Although no single alternative to the dollar is likely, the shift away from a Western-led global order has begun.
Russia’s invasion of Ukraine and intensified United States (US)-China competition have had two important geostrategic consequences. They have blown new life into the European Union (EU) and North Atlantic Treaty Organization, and accelerated expansion of the Brazil-Russia-India-China-South Africa (BRICS) bloc’s role and membership, as confirmed at this week’s Johannesburg summit.
These trends have hastened the shift away from a Western-led global order towards a new, still-to-be-crafted era of more uncertain and fluid multipolar connections, writes William Gumde, academic and Executive Chair of the Democracy Works Foundation. Change is in the air, and the next three decades will see the steady unfolding of this trend.
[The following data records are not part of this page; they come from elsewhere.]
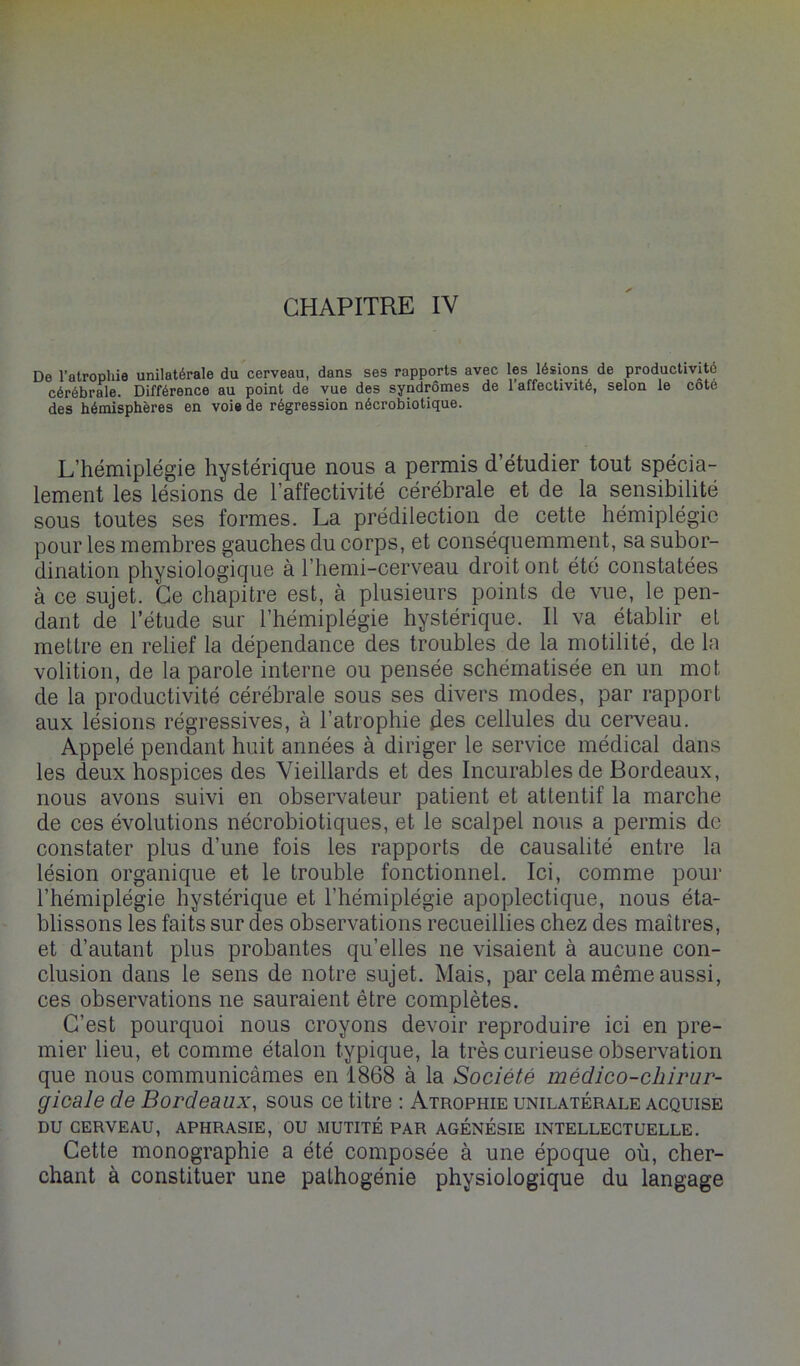 De l’atrophie unilatérale du cerveau, dans ses rapports avec les lésions de productivité cérébrale. Différence au point de vue des syndromes de 1 affectivité, selon le cote des hémisphères en voie de régression nécrobiotique. L’hémiplégie hystérique nous a permis d’étudier tout spécia- lement les lésions de l’affectivité cérébrale et de la sensibilité sous toutes ses formes. La prédilection de cette hémiplégie pour les membres gauches du corps, et conséquemment, sa subor- dination physiologique à l’hemi-cerveau droit ont été constatées à ce sujet. Ce chapitre est, à plusieurs points de vue, le pen- dant de l’étude sur l’hémiplégie hystérique. Il va établir et mettre en relief la dépendance des troubles de la motilité, de la volition, de la parole interne ou pensée schématisée en un mot de la productivité cérébrale sous ses divers modes, par rapport aux lésions régressives, à l’atrophie des cellules du cerveau. Appelé pendant huit années à diriger le service médical dans les deux hospices des Vieillards et des Incurables de Bordeaux, nous avons suivi en observateur patient et attentif la marche de ces évolutions nécrobiotiques, et le scalpel nous a permis de constater plus d’une fois les rapports de causalité entre la lésion organique et le trouble fonctionnel. Ici, comme pour l’hémiplégie hystérique et l’hémiplégie apoplectique, nous éta- blissons les faits sur des observations recueillies chez des maîtres, et d’autant plus probantes qu’elles ne visaient à aucune con- clusion dans le sens de notre sujet. Mais, par cela même aussi, ces observations ne sauraient être complètes. C’est pourquoi nous croyons devoir reproduire ici en pre- mier lieu, et comme étalon typique, la très curieuse observation que nous communicâmes en 1868 à la Société médico-chirur- gicale de Bordeaux, sous ce titre ; Atrophie unilatérale acquise DU CERVEAU, APHRASIE, OU MUTITÉ PAR AGÉNÉSIE INTELLECTUELLE. Cette monographie a été composée à une époque où, cher- chant à constituer une pathogénie physiologique du langage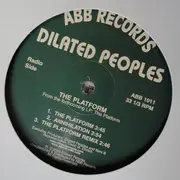 12'' - Dilated Peoples - The Platform / Annihilation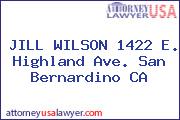 JILL WILSON 1422 E. Highland Ave. San Bernardino CA
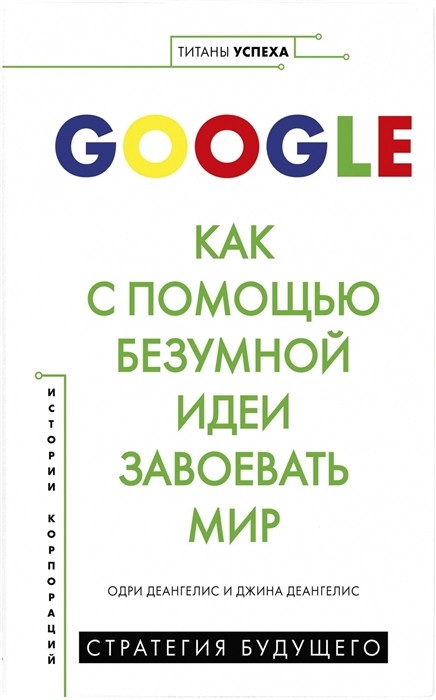 

GOOGLE. Как с помощью безумной идеи завоевать мир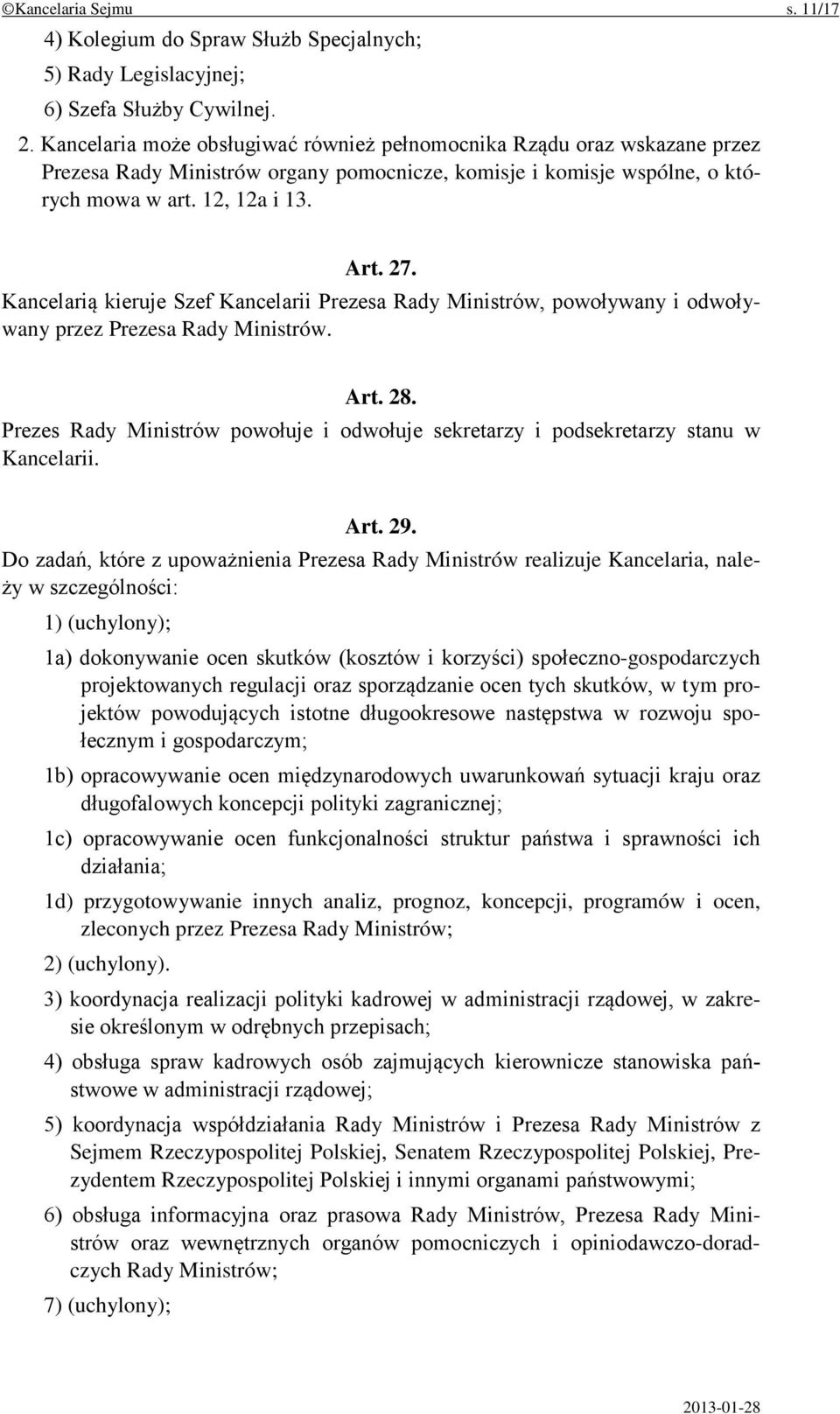 Kancelarią kieruje Szef Kancelarii Prezesa Rady Ministrów, powoływany i odwoływany przez Prezesa Rady Ministrów. Art. 28.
BRICS is cloaking itself in resentment against the West, particularly with the lingering effects of colonialism, imperialism and sanctions by leading Western countries. Another factor is the lack of global governance system reform, including the United Nations (UN) Security Council, World Trade Organization, and international finance institutions.
When considering BRICS’s future, it’s important to remember that India and China are systemic rivals. Competition between them will likely intensify, given nationalism, border disputes and competition in the South China Sea. And although countries’ motivations for wanting to join BRICS differ, few global south nations will exchange one hegemon (the US) with another (China).
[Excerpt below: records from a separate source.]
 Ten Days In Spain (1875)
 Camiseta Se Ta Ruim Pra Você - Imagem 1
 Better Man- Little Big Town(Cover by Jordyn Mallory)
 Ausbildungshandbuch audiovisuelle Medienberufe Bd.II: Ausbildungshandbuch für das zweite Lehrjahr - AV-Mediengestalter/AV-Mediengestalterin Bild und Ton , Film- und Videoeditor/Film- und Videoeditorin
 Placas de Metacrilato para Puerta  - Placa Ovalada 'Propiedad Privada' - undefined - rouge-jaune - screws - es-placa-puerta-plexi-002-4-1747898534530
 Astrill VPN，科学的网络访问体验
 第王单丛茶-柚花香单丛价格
How will the US and its Western allies’ react to a club that threatens their global dominance?
India is growing rapidly, but none of the African Futures and Innovation (AFI) forecasts indicate that its economy will compare with the size of China’s in the next half century, or see growth rates experienced by China and the Asian Tigers.
India experiences a more modest demographic dividend, although its population is now larger than China’s. Its services-led growth path produces slower productivity improvements than the manufacturing-driven transformation in China and the Asian Tigers. Whereas China’s economy is likely to overtake the US’ in size in about a decade, India’s could only do so towards the end of the century (Chart 1).
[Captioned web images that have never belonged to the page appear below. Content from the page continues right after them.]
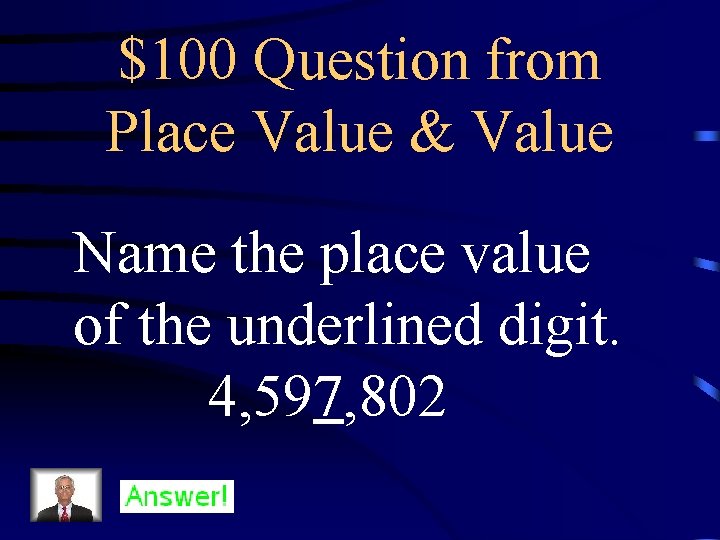 $100 Question from Place Value & Value Name the place value of the underlined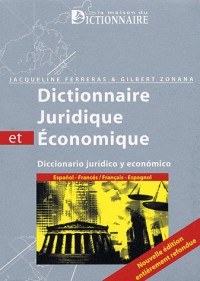 Dictionnaire juridique et économique Espagnol-Français Français-Espagnol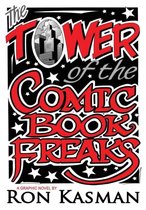 The Tower of the Comic Book Freaks
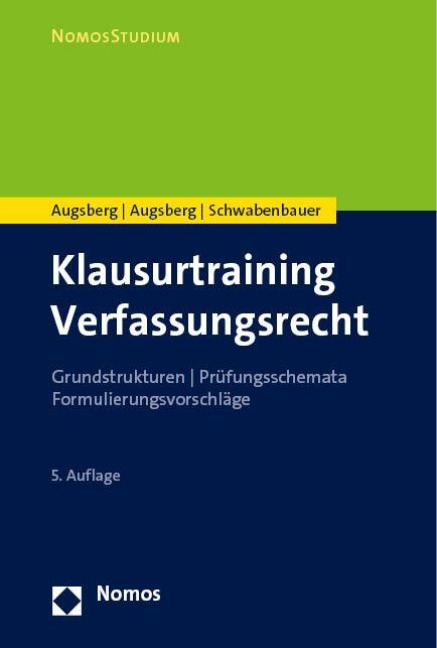 Klausurtraining Verfassungsrecht - Ino Augsberg, Steffen Augsberg, Thomas Schwabenbauer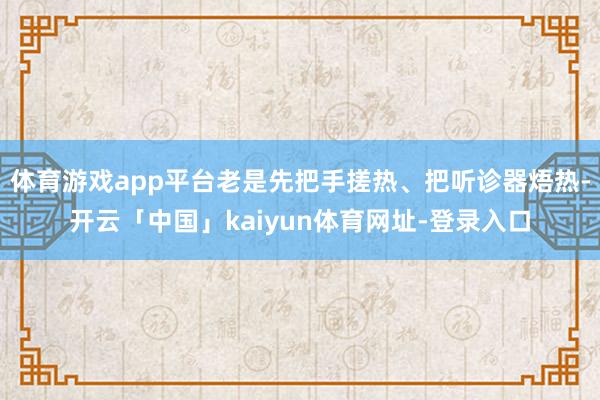 体育游戏app平台老是先把手搓热、把听诊器焐热-开云「中国」kaiyun体育网址-登录入口
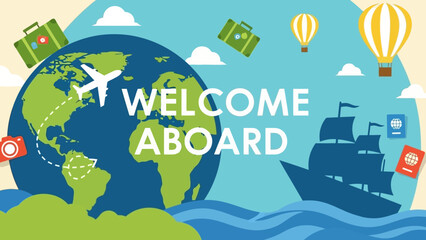 Naklejka premium Welcome Aboard text with globe and travel elements.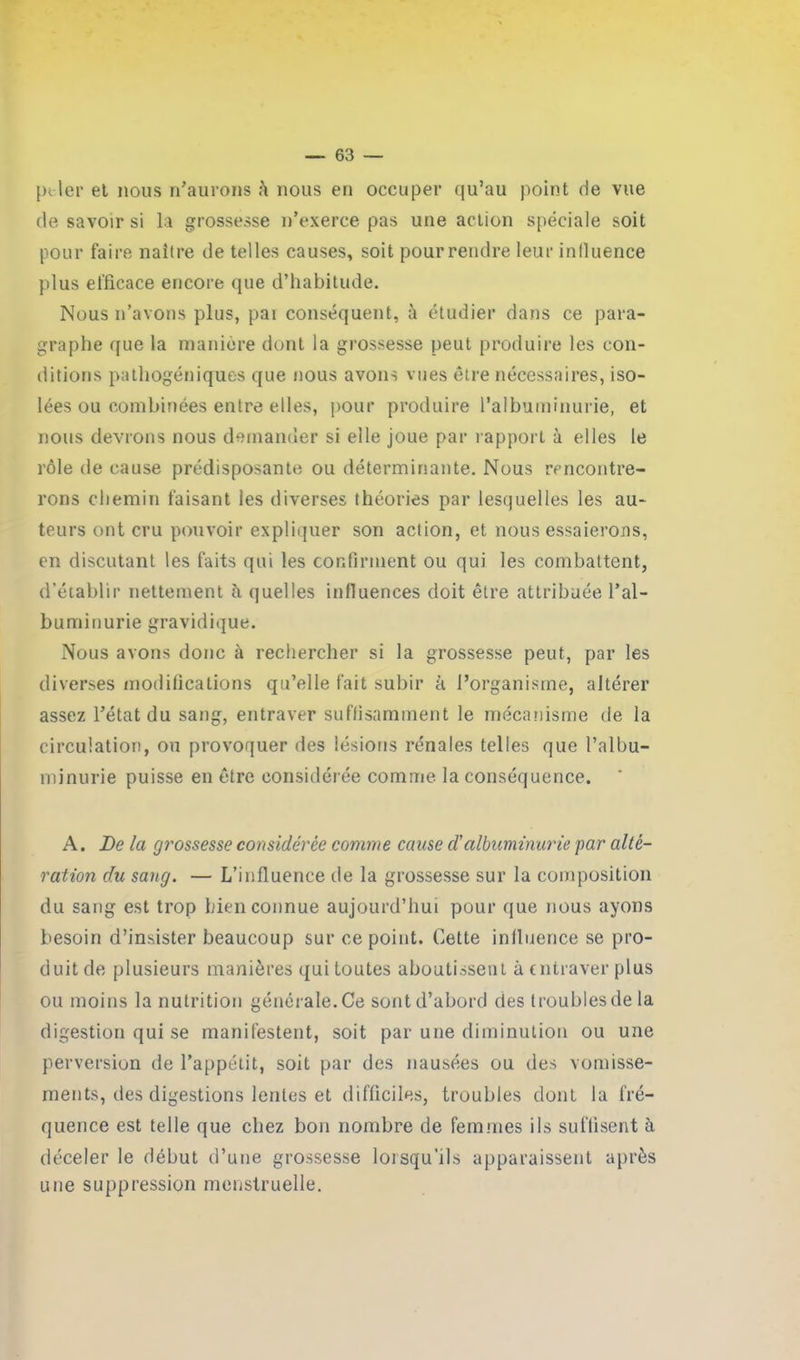 piler et nous n’aurons i\ nous en occuper qu’au point de vue de savoir si la grossesse n’exerce pas une action spéciale soit pour faire naître de telles causes, soit pour rendre leur influence plus efficace encore que d’habitude. Nous n’avons plus, pai conséquent, à étudier dans ce para- graphe que la manière dont la grossesse peut produire les con- ditions pathogéniques que nous avons vues être nécessaires, iso- lées ou combinées entre elles, pour produire l’albuminurie, et nous devrons nous demander si elle joue par rapport à elles le rôle de cause prédisposante ou déterminante. Nous rencontre- rons chemin faisant les diverses théories par lesquelles les au- teurs ont cru pouvoir expliquer son action, et nous essaierons, en discutant les faits qui les confirment ou qui les combattent, d’établir nettement îi quelles influences doit être attribuée l’al- buminurie gravidique. Nous avons donc à rechercher si la grossesse peut, par les diverses modifications qu’elle fait subir à l’organisme, altérer assez l’état du sang, entraver suffisamment le mécanisme de la circulation, ou provoquer des lésions rénales telles que l’albu- minurie puisse en être considérée comme la conséquence. A. De la grossesse considérée comme cause d'albuminurie par alté- ration du sang. — L’influence de la grossesse sur la composition du sang est trop bien connue aujourd’hui pour que nous ayons besoin d’insister beaucoup sur ce point. Cette influence se pro- duit de plusieurs manières qui toutes aboutissent à entraver plus ou moins la nutrition générale. Ce sont d’abord des troubles de la digestion qui se manifestent, soit par une diminution ou une perversion de l’appétit, soit par des nausées ou des vomisse- ments, des digestions lentes et difficiles, troubles dont la fré- quence est telle que chez bon nombre de femmes ils suffisent à déceler le début d’une grossesse lorsqu'ils apparaissent après une suppression menstruelle.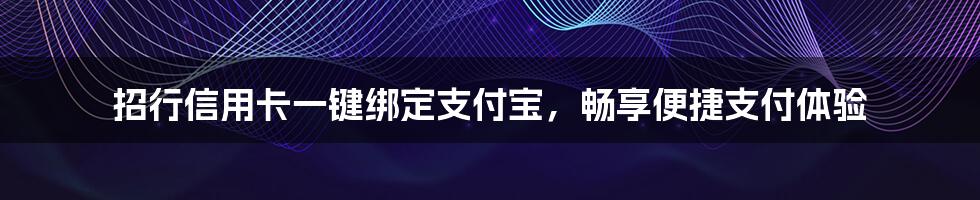 招行信用卡一键绑定支付宝，畅享便捷支付体验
Chart 1: Forecast using International Futures model 8.04
Chart 2: Forecast using International Futures model 8.04; BRICS+ includes all likely members
(click on the graphs for the full size images)
BRICS country leaders decided at this week’s summit that Argentina, Egypt, Ethiopia, Iran, Saudi Arabia and the United Arab Emirates (UAE) would join in January 2024. Egypt and the UAE are already members of BRICS’s New Development Bank. The inclusion of Argentina, not Uruguay, which is a member of the bank, was surprising. Inevitably bringing in Iran, which is under UN and other sanctions, will be the most controversial.
This first round of expansion is however only one side of the coin. How will the US and its Western allies’ react to a club that threatens their global dominance? Contrary to BRICS+ members, the West (North America, the EU and countries like Japan and South Korea) shares key values and is economically a much larger group than an expanded BRICS – and will be for decades. The election of someone like Donald Trump as US president in 2024 could, however be catastrophic for the West’s unity.
Average income in China is currently about 26% of that of the US. Only a collapse of the US economy would see income per capita parity between them. The situation regarding population size is of course different.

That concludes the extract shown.